We call it podfading. It has a term because it’s common. Most people know it as iTunes, but it’s Apple Podcasts. There are a million podcasts listed on Apple Podcast, but there are only 350,000 actively producing. All those other ones podfaded. They quitted. I don’t consider quitting if you did 100 shows or more. You did your time. You’re done with that show. Your business shifted and that’s okay, but when you quit at less than 11 or 23, the most common is you’ll quit. You podfaded because you didn’t have a plan. You didn’t think it through about the strategy of how you were going to utilize this. You didn’t give it enough time to give you a return on investment. You didn’t have metric expectations in place that were realistic and viable.
That’s probably because a lot of them get out there and somebody was like, “All you’ve got to do is to start.” You need to think about it and then start. Let’s be clear. I want you to start fast, but let’s do a little strategic thinking so it works for us better. The number one mistake I find is that they don’t get as many listeners and that’s when it happens. It’s like, “People are downloading my show. I have 100 people. I have 50.” They get frustrated with that. If it’s the 50 perfect people who want exactly what you have, what’s wrong with that? Let’s reset our minds to thinking about what’s right for that. The strategy of, “Am I focusing on the right people and do my numbers are realistic for that target that I’m doing?” Does it matter how many they are? No. It only matters how engaged and the conversion to that to what your business goal was.
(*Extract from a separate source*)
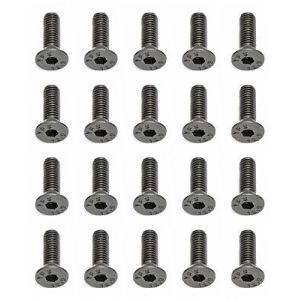 M3x10mm šroub s imbusouvou zápustnou hlavou, 10ks.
Business Podcast | Tracy Hazzard | Entrepreneur Experts Cafe with Kimberly Hobscheid: Being an entrepreneur is stressful but there are some things that make it just streamlined and easy for you to get a lot of different things accomplished.
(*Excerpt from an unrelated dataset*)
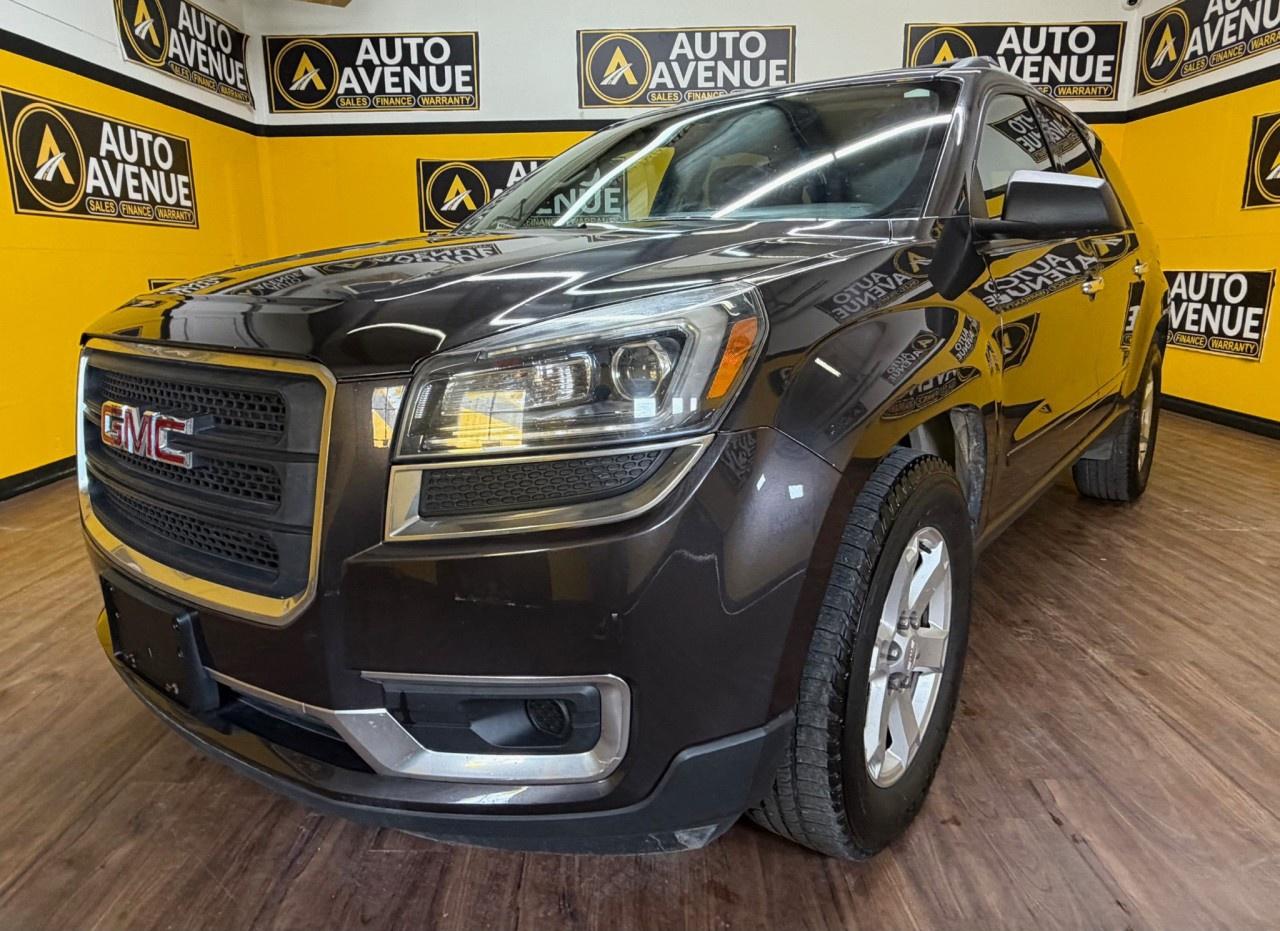 Used 2015 GMC Acadia V6 POWER - 7 SEATER! BACKUP CAMERA! SLE for sale in Airdrie, AB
It’s all about making money, a business in the end, or an impact that you want to make. Clearly, you’re the expert on podcasting and launching a podcast. If people want to get to know you and start working with you directly, what’s the best way for them to do that?
Our company is called Podetize. Podetize.com is the easiest way to find our company and our business. We have all kinds of things where we can have free strategy calls and different kinds of things to evaluate your platform and where you are. If you want to follow me, you can follow me anywhere on social media. It’s Tracy Hazzard. I also have a couple of podcasts. You can listen to The Binge Factor and Feed Your Brand. Those two are podcasts for podcasters or aspiring podcasters.
That’s The Binge Factor, which I love. It’s about binge-watching or binge-listening.
The other one is called Feed Your Brand. It’s more tactical and tools to launching, promoting and working on your show from a strategic standpoint, but from a tactical standpoint too.
Tracy, thanks for carving time out of your day-to-day to be here with us. I appreciate it. Are there any final words for our crew?
I want to say to all of you out there that being an entrepreneur is stressful. There are a lot of things you should do, but there are some things that make it streamlined and easy for you to get a lot of different things accomplished, and I love those things. That’s what I dive deep into. When you can find something that you only have to do once, but you get to reuse again and again, that’s powerful. That’s what I found for podcasting.
I appreciate those words of advice. Thanks, Tracy, for being here.